Pascal PINAUD

Né en France en 1964 - Vit en France

Depuis maintenant près de 15 ans, Pascal Pinaud entreprend une réflexion autour de la notion de picturalité aussi bien dans son histoire, ses référents, ses techniques que dans les manières que nous avons de l’appréhender. Sans vouloir réduire sa pratique à des procédures, il apparaît qu’elle se constitue principalement dans le détournement et le déplacement : détournement et déplacement, d’abord, de moyens et de techniques non destinées aux beaux-arts dans ce champ propre ; détournement et déplacement de notions non picturales dans cet espace de référence. Si son approche peut sembler marquée par la déconstruction et témoigner d’une objectivité légèrement distanciée, elle n’est pas exempte d’ironie et de facétie.

Parmi les techniques qu’il utilise – mais ne pratique pas forcément car le plus souvent, Pascal Pinaud délègue la fabrication de ses pièces à des artisans spécialisés – se trouvent la marqueterie, la laque automobile, le tricotage… techniques diverses qui posent la question des contaminations possibles entre l’artisanat, l’industrie et l’art, tout autant que l’inadéquation des uns aux autres car il ne semble pas que la problématique de Pascal Pinaud soit d’étendre le vocabulaire et les techniques picturales mais, plutôt, de questionner la pertinence ou l’impertinence de la peinture, du tableau, du décoratif, du géométrique, de l’expressif…

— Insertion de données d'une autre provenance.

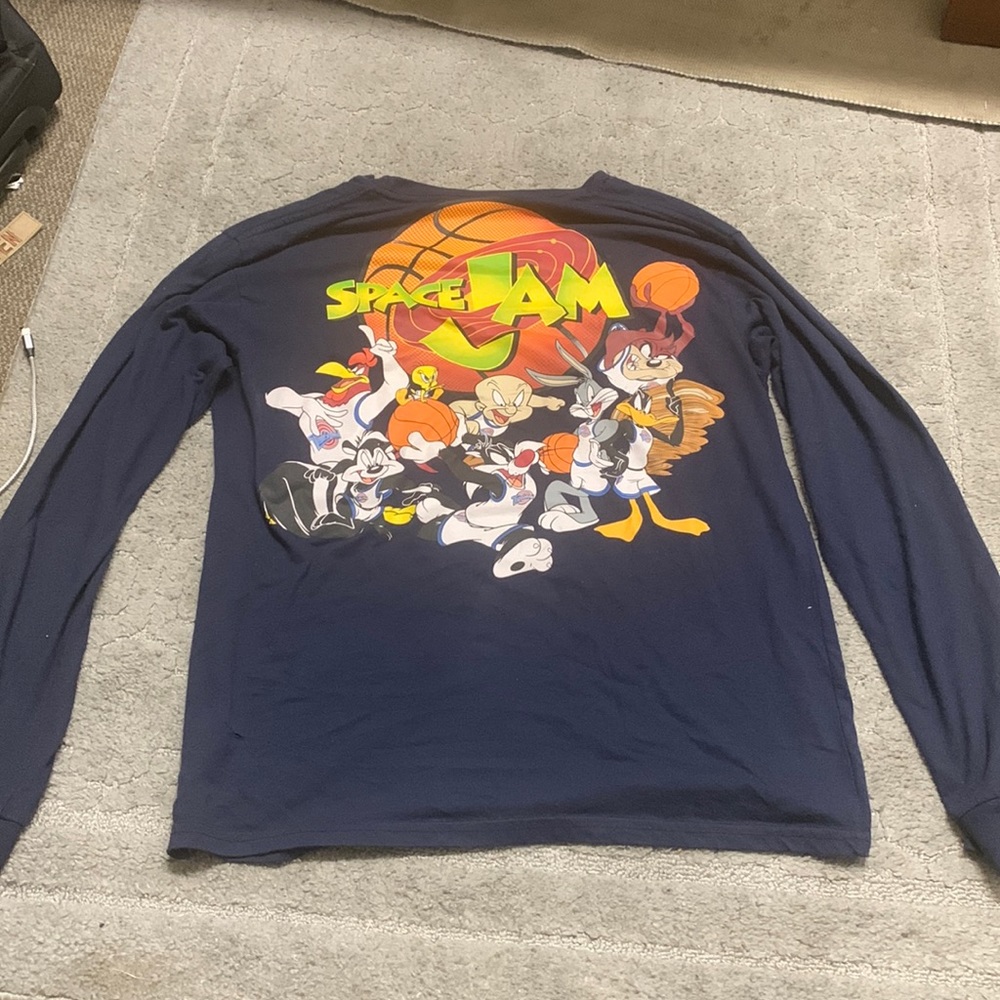 Space Jam looney tunes shirt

L’œuvre peut, également, se définir à partir d’un détournement de matériaux (canevas ou faïence par exemple), ou d’objets (tapis ou cage d’ascenseur) et poser la question du ready-made – la possibilité d’existence d’un ready-made pictural – comme de jouer avec les référents esthétiques auxquels renvoient ces objets : de la peinture concrète à l’orientalisme décoratif d’un Matisse, du Pop art à Supports/Surfaces mais, également, de la transcendance au kitsch en passant par le sublime : « Pourquoi taire mon goût naturel pour les matériaux quand je les trouve beaux comme le sont ces camions énormes, ces montagnes roulantes qui sillonnent les routes des USA. Il y a, dans tout production industrielle, une efficacité toute visuelle due à un rapport trouvé entre la façon de fabriquer et les matériaux employés qui évoque pour moi une des beautés visibles dans le monde de la peinture. L’objet manufacturé exerce sur moi une fascination que je me refuse à dissimuler sous prétexte qu’elle entre en contradiction avec le bon goût1 ».

Les gestes pratiqués sont tout aussi iconoclastes et pervers – pervers dans le sens étymologique : détourné de sa fin, non conforme au résultat escompté – ainsi des monochromes rayés par une automobile, des collages de boutons de nacre pour constituer un motif all-over ou de morceaux de canevas pour définir une peinture décorative…

Dans l’œuvre qui appartient aux collections du FRAC, la technique utilisée est celle de la laque automobile. Comme pour d’autres œuvres similaires : Dark blue jaguar ou Mazda clear white, le titre renvoie non seulement à une couleur mais, également, à un constructeur. Le constructeur donc « signe » la couleur. Celle-ci n’est plus une dénomination commune mais une dénomination propre renvoyant à l’image de marque, sursignifiant la couleur dans un premier temps : un améthyste particulier et la surcodant ensuite : tout ce que la marque véhicule. La dénomination renvoie non seulement à la couleur précise utilisée par le carrossier professionnel pour peindre ou réparer les véhicules mais, aussi, à une psychologie de la couleur – telles celles que l’on pourrait trouver dans l’héraldique au Moyen-Âge.

Éric Suchère

1 Dominique Figarella – Pascal Pinaud, Le Parvis, Tarbes, s. d.